The crier of the Oglalas shouted the same words, and we could hear the cry going from camp to camp northward clear to the Santees and Yanktonais. Everybody was running now to catch the horses. We were lucky to have ours right there just at that time. My older brother had a sorrel, and he rode away fast toward the Hunkpapas. I had a buckskin. My father came running and said: “Your brother has gone to the Hunkpapas without his gun. Catch him and give it to him. Then come right back to me.” He had my six-shooter too, the one my aunt gave me. I took the guns, jumped on my pony and caught my brother. I could see a big dust rising just beyond the Hunkpapa camp and all the Hunkpapas were running around and yelling, and many were running wet from the river. Then out of the dust came the soldiers on their big horses. They looked big and strong and tall and they were all shooting.37
As the women and children of the Hunkpapa camp scrambled to escape the bullets of the white soldiers, Gall, also called Pizi, an orphan whom Sitting Bull had adopted as a younger brother, rallied the Hunkpapa warriors for a counterattack. Eight years earlier Gall had spoken for the Hunkpapas to the Sherman peace commission. “We were born naked and have been taught to hunt and live on the game,” he said. “You tell us that we must learn to farm, live in one house, and take on your ways. Suppose the people living beyond the great sea should come and tell you that you must stop farming and kill your cattle, and take your houses and land. What would you do? Would you not fight them?” Gall’s words, and his actions since then, had won him the following of most of the Hunkpapas, who respected him behind only Sitting Bull.38
Reno’s attack killed several members of Gall’s immediate family. “It made my heart bad,” he explained later. “After that I killed all my enemies with the hatchet.” Gall’s example bolstered his comrades. “In the Hunkpapa camp a cry went up,” Black Elk remembered. “ ‘Take courage! Don’t be a woman! The helpless are out of breath!’ ” For several moments confusion covered the battlefield. “It was all dust and cries and thunder,” Black Elk said. “The women and children were running.… The warriors were coming on their ponies.”
Gall’s counterattack drove Reno’s column into the trees along the river, where the federal soldiers dismounted to fight afoot. “The valley went darker with dust and smoke,” Black Elk recalled.
And there were only shadows and a big noise of many cries and hoofs and guns. On the left of where I was I could hear the shod hoofs of the soldiers’ horses going back into the brush, and there was shooting everywhere. Then the hoofs came out of the brush, and I came out and was in among men and horses weaving in and out and going upstream, and everybody was yelling, “Hurry! Hurry!” The soldiers were running upstream and we were all mixed there in the twilight and the great noise. I did not see much, but once I saw a Lakota charge at a soldier who stayed behind and fought and was a very brave man. The Lakota took the soldier’s horse by the bridle, but the soldier killed him with a six-shooter. I was small and could not crowd in to where the soldiers were, so I did not kill anybody. There were so many ahead of me, and it was all dark and mixed up.

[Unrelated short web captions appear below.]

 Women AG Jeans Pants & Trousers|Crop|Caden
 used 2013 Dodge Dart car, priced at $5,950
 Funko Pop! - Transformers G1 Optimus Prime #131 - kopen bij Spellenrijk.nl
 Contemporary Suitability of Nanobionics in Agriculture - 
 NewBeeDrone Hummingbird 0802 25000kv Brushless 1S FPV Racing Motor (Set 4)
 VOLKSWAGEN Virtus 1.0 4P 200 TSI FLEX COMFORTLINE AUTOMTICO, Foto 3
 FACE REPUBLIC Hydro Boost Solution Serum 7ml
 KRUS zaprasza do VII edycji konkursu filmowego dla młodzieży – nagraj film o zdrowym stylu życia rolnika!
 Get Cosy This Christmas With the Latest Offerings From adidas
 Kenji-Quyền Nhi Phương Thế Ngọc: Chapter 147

During a lull in the fighting, Black Elk saw his people stripping dead and wounded white soldiers of their arms and uniforms. “There was a soldier on the ground and he was still kicking. A Lakota rode up and said to me, ‘Boy, get off and scalp him.’ I got off and started to do it. He had short hair and my knife was not very sharp. He ground his teeth. Then I shot him in the forehead and got his scalp.”
Black Elk was old enough to mutilate an enemy but young enough to want his mother to be the first to know about it. He rode through the camp carrying the bloody prize till he found her on a hill overlooking the battlefield, where the women were singing encouragement to their husbands and sons. “My mother gave a big tremolo”—the song of celebration—“just for me when she saw my first scalp,” he said.39
By now the center of the battle had shifted. Custer’s column had appeared below the Indian camp, where the colonel expected to cut off the Indians he thought would be fleeing Reno’s attack. But he discovered to his shock that Gall had broken Reno’s attack and that Crazy Horse commanded twice the army he had guessed. The Sioux chief hurled his warriors against the federal cavalry, with himself in the lead. “
Hokahey!”—Take courage!—he cried. “It is a good day to fight! It is a good day to die!” Others echoed the cry. “They were yelling ‘Hokahey’ like a big wind roaring, and making the tremolo, and you could hear eagle bone whistles screaming,” Black Elk remembered.40
Custer found himself beset on all sides. He led his men to the highest point in the area, later called Custer Hill, where they dismounted and dug in. He might have thought his chances good, for though badly outnumbered he had better arms and the better position. And while Indians were known for their ambush and skirmishing abilities, they had shown little stomach for frontal assault. Custer knew that federal reinforcements were coming; if he and his men could hold out for several hours or overnight, they might escape.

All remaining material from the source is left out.